投資プログラマー’S WEB
最終更新日:2008/8/18
◆ 完全自動売買ツール考察 ◆
プログラム開発について
プログラム構築検証
完全自動売買ツールを構成する機能は、大きく次の3つに分けられます。

情報収集機能
株価情報、余力情報、保有銘柄情報、約定情報など、自動売買に必要な入力情報を取得する機能です。
これら情報を取得するタイミングは、トレード期間(リアルタイム、スイング、長期)、 情報の種類、システム構成によって変わりますが、以下のパターンに分類できます。
・一定時間毎
 タイマーなどで時間を監視、定期的に情報の取得を行います。
 情報にリアルタイム性が不要で、1分毎、1時間毎など一定時間ごとに情報を取得すればよい場合
・指定時間
 タイマーなどで時間を監視し、指定時刻になれば情報を取得します。
・リアルタイム
 証券会社のサーバから送られてくるタイミングで取得します。
 楽天RSSのようにリアルタイムで情報が報告されてくる場合
・イベント毎
 特定のイベントが発生したタイミングで取得します。
 ツールの起動時、発注が終わったタイミング、メールで指示があった場合など

売買分析機能
情報収集機能から得た情報を元に、売買する銘柄、値段、数量、注文タイミング、清算条件などの条件を決定します。
ここがシステムの一番重要な部分であり、損益を左右します。
プログラムの知識だけでなく、システムトレードの知識が求められます。

発注機能
銘柄選定で抽出した条件を元に、証券会社へ発注を行います。
発注の方法としては、IEを操作する、WebAPIサービスを利用する、トレードツールを操作する、などがあります。
新規に作成しようとすると大変ですが、売買分析機能と違って誰が作っても同じような動作となるため、 既存で公開されているものがあれば、それを使えばよいでしょう。

この機能で重要な項目として、速度、安定性、異常リカバリー処理、が挙げられます。

その他の機能
上記以外であったほうがよいという機能です。

株価データ保存機能
情報収集機能で株価情報を取得した際に、テキストファイルやDBに保存する機能です。
過去データを使った分析に使用したり、後日テストで使用したりします。

履歴保存機能
一定期間毎の利益、利益分析、約定履歴などを保存する機能です。
売買結果を管理する手間が省けます。

報告機能
ツールの動作状況をメールで通知する機能です。
・動作状況報告
 正常に動作しているかを通知する。

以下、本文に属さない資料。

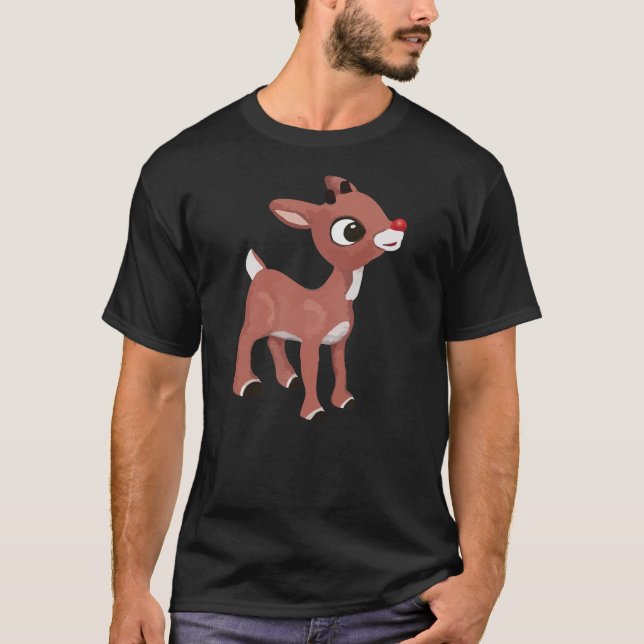 Rudolph Red Nposed Reindeer jul Pajamas Manar T Shirt (Framsida)
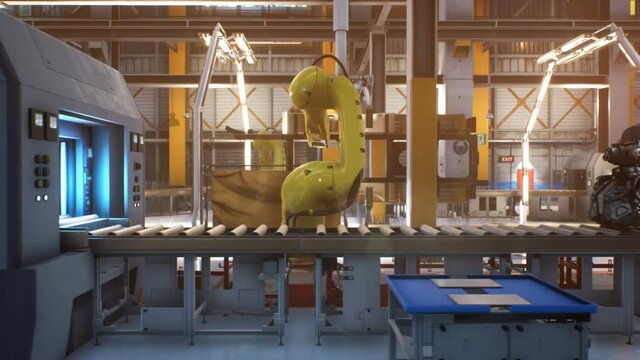 Automatic Assembly line. Robots work in a factory for the production and Assembly of robots. Technology and automation. Animation for fiction, industrial, and sci-fi backgrounds.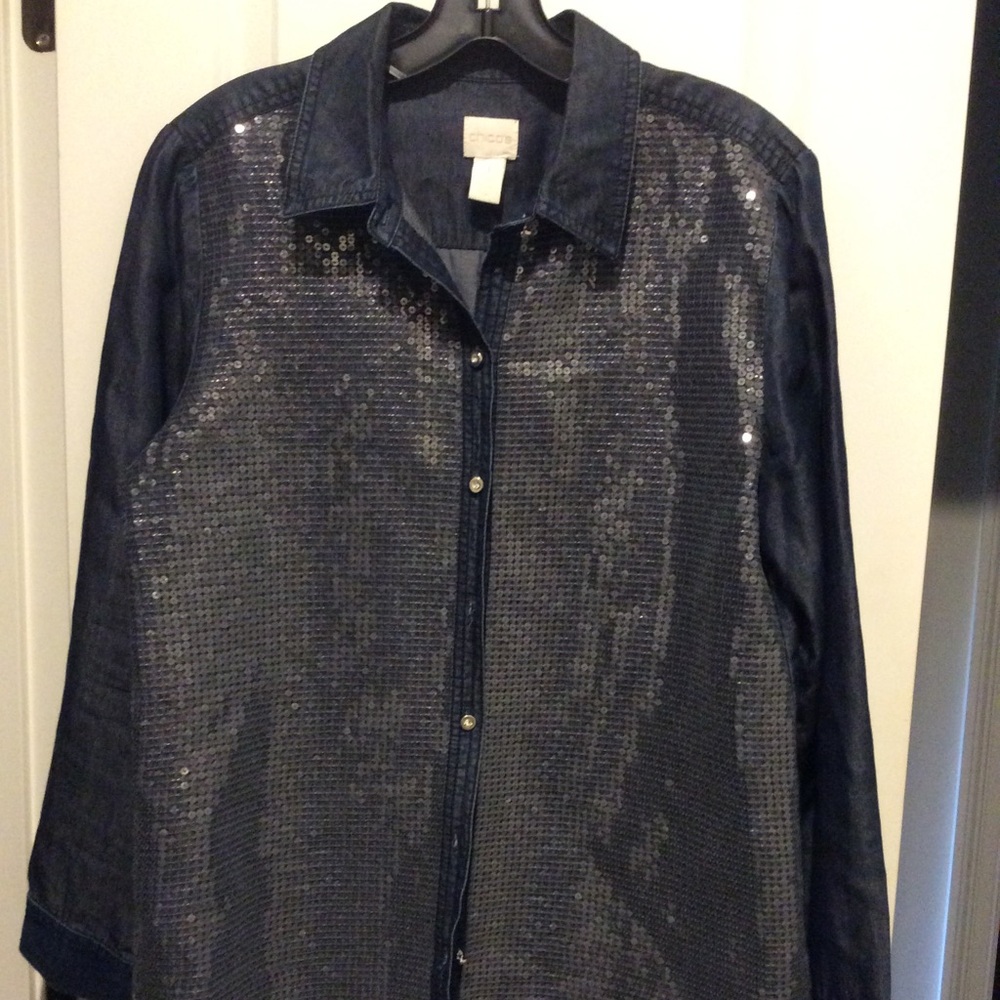 Chico’s  blue denim sequined front button up shirt size M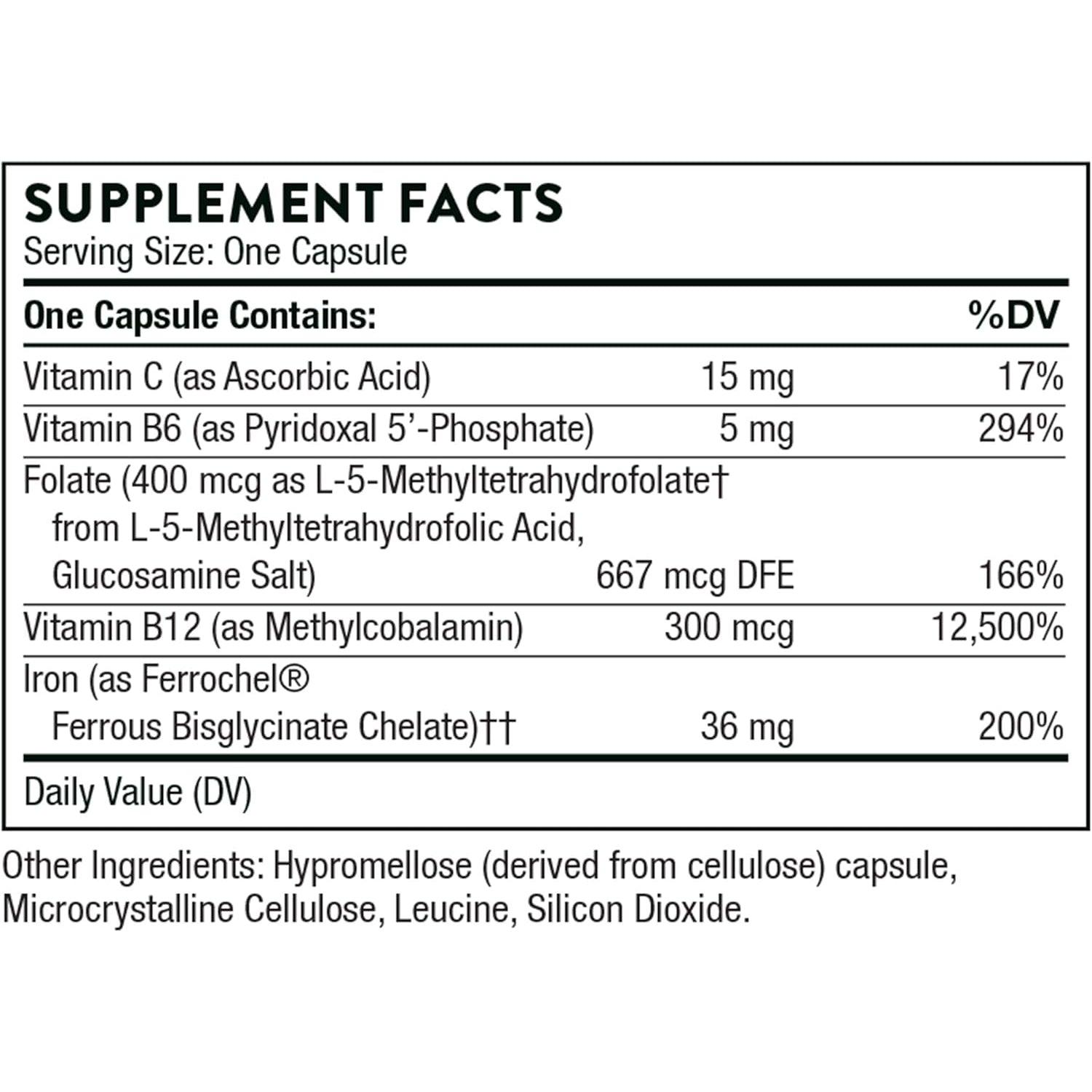 Thorne Research - Ferrasorb - Complete Blood-Building Formula with Iron, Folate, and B Vitamins - 60 Capsules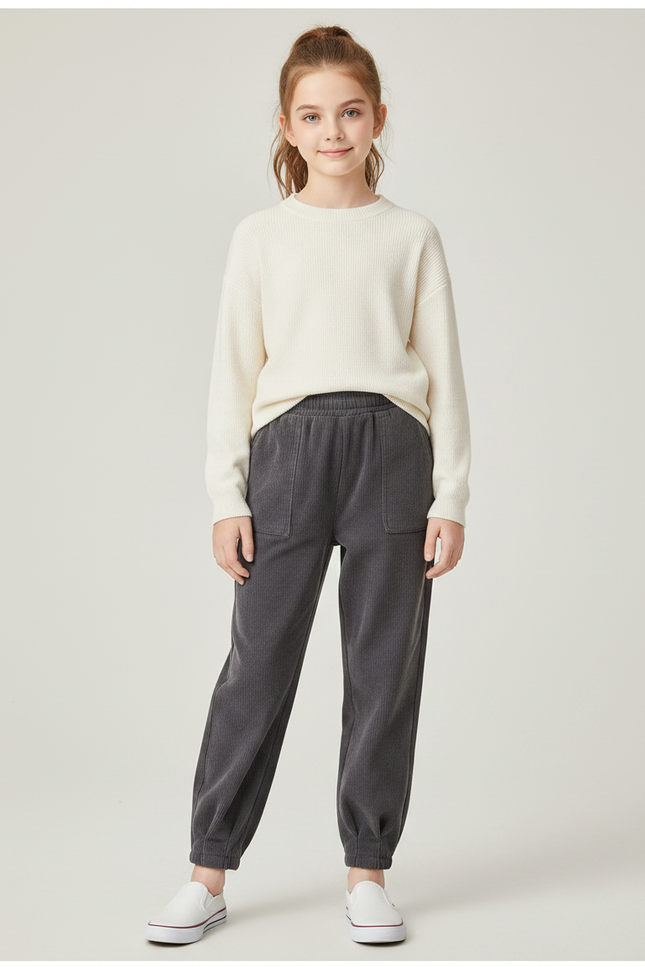 Pantalon Gris Côtelé Confortable Ample Fille - Cordé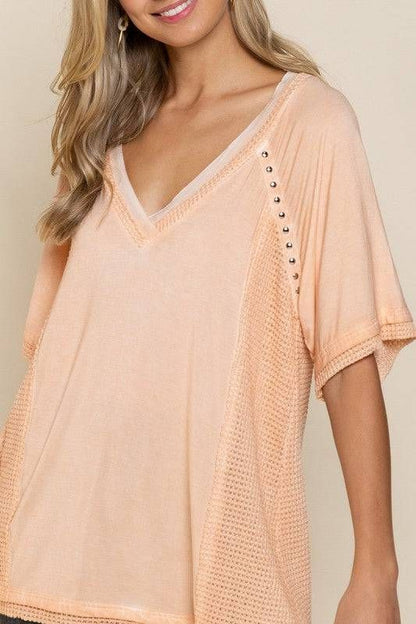 POL | Studded Strappy Back Waffle Mixed Knit Top us.meeeshop - 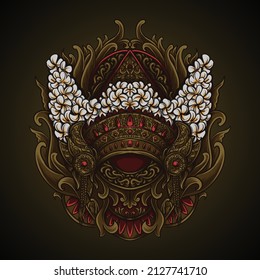 artwork illustration and t shirt design  tiger balinese crown engraving ornament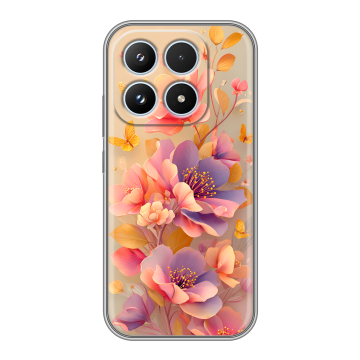 Силиконовый чехол на Xiaomi 17 с принтом Цветы и бабочки
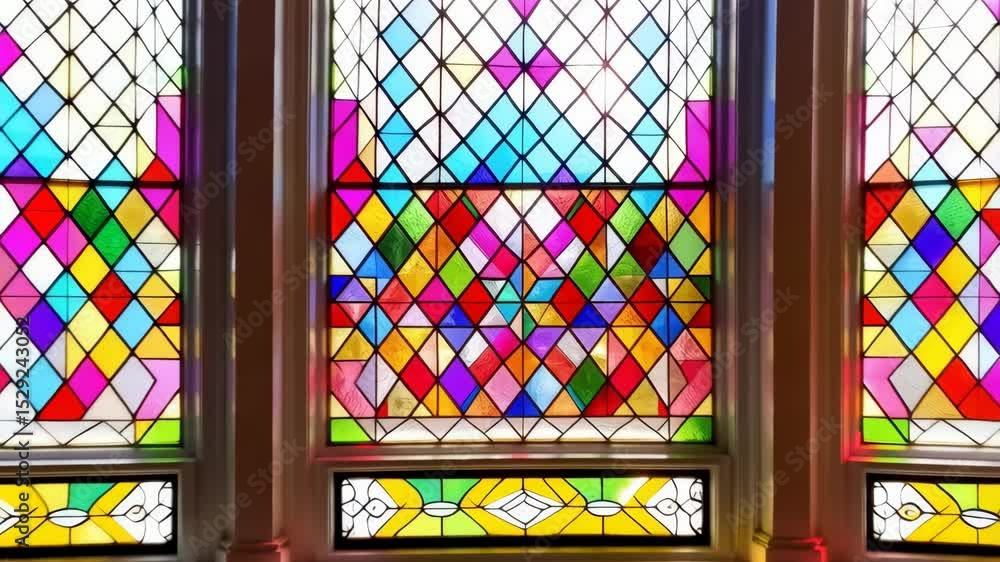 Poster colorful geometric patterned stained glass window with rhombus and triangular shapes in a framed win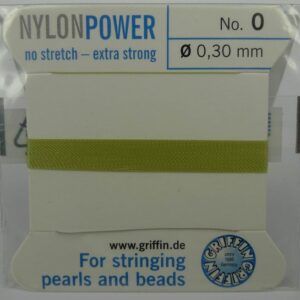 Vissengrøn Perletråd med nål, 0,3mm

ツールの起動時、終了時、一定時間毎など。
・約定通知
 約定した場合
・異常通知
 プログラムに異常が発生した場合
・損益通知
 その日の取引損益の結果

異常時処理
約定ができない場合、プログラム異常が発生した場合など、ツールに異常が発生した場合の機能です。
・メール通知
 メールで異常の発生を知らせる
・ログ機能
 異常の原因を後日調べられるように、障害内容をログに残す
・リカバリ機能
 動作の再試行やツールの再起動を行う
・全精算機能
 現在のポジションをすべて清算する

遠隔操作
外部からのパソコンによる自宅パソコンの遠隔操作とは違って、メールにより動作指示を行う機能です。
・動作状況確認
 ツールが正常に動作しているか確認メールの送信を指示する
・緊急停止
 テロによる暴落など、異常事態が発生した場合にツールを緊急停止させる
・情報の要求
 現在まで約定状況、余力情報、損益情報などの報告メールの送信を指示する

動作検証機能
プログラム中のいたる所でログを取得しておき、動作検証やバグ解析で使用します。
・売買分析機能でどういったパラメータで分析を行い、結果どう判断したか
・プログラム異常の内容を参考にしてデバッグする

自動起動/終了機能
PCの電源の自動ON/OFFと、ソフト自動起動・終了をする機能です。

テスト機能
売買分析機能のテスト(売買ロジックのバックテスト、フォワードテスト)を目的とし、 情報取得機能や発注機能にテストを考慮した疑似動作機能を盛り込んだものです。
保存してある過去の株価データを疑似再生したり、証券会社への発注を疑似的に受け付けたりします。